START Data listing

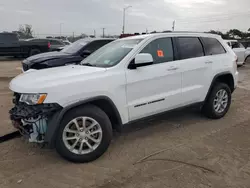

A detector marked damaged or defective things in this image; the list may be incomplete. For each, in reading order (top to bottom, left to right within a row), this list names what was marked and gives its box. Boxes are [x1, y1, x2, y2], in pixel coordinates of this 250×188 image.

crumpled hood [9, 65, 105, 93]
damaged front end [9, 93, 62, 143]
front bumper damage [9, 93, 62, 143]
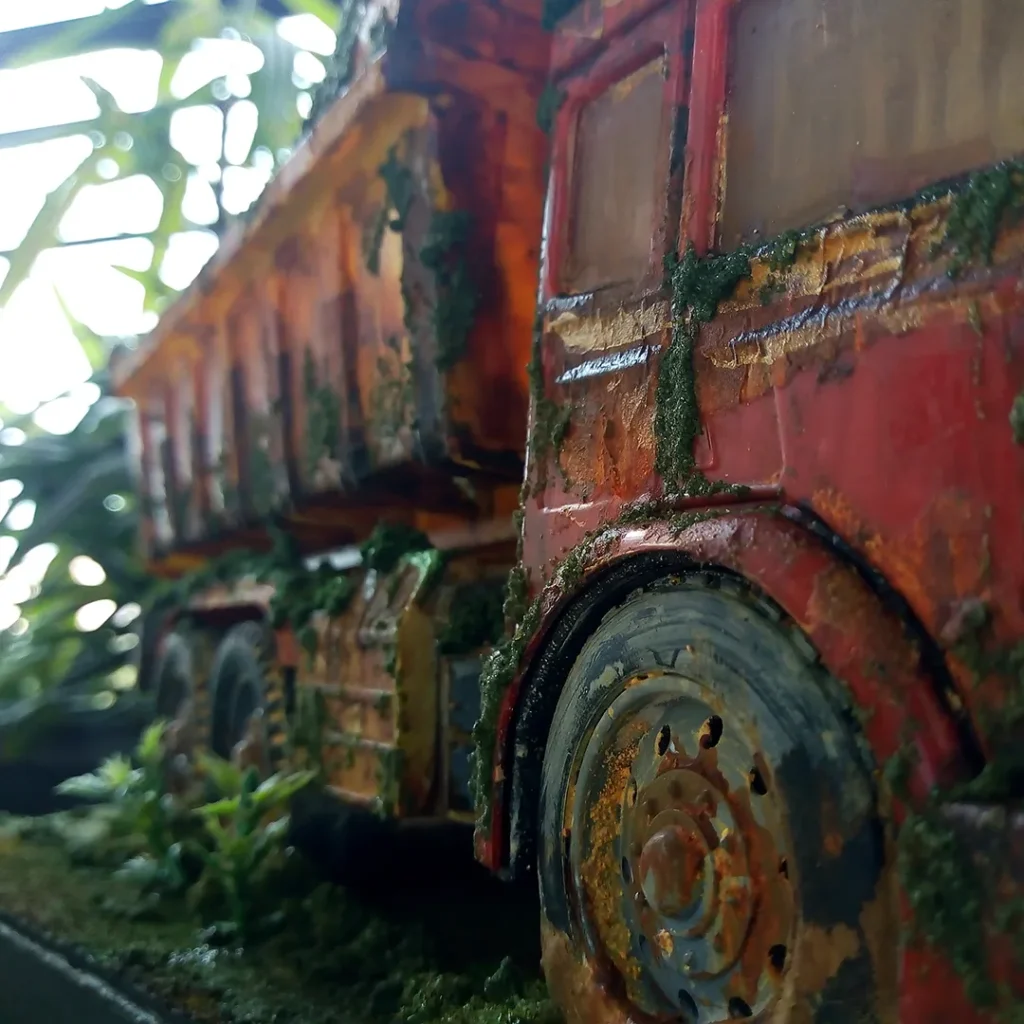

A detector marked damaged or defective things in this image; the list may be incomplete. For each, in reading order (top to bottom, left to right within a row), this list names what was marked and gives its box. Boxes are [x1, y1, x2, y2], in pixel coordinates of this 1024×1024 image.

END Data listing

What is being asked
Repeat the lines above precisely and skip every picture.

Exercise solution
A detector marked damaged or defective things in this image; the list may be incomplete. For each, in reading order (top to bottom, left to right within a row), this list names what was marked and gives its box. Boxes are [x1, y1, x2, y2], in pixel coordinates of this 250×188 image.

crumpled hood [9, 65, 105, 93]
damaged front end [9, 93, 62, 143]
front bumper damage [9, 93, 62, 143]

A detector marked damaged or defective things in this image; the list may be incomplete. For each, in reading order (top to bottom, left to right within a row), this list names what was marked and gives its box. Boxes are [x1, y1, x2, y2], in pixel coordinates of this 1024×1024 image.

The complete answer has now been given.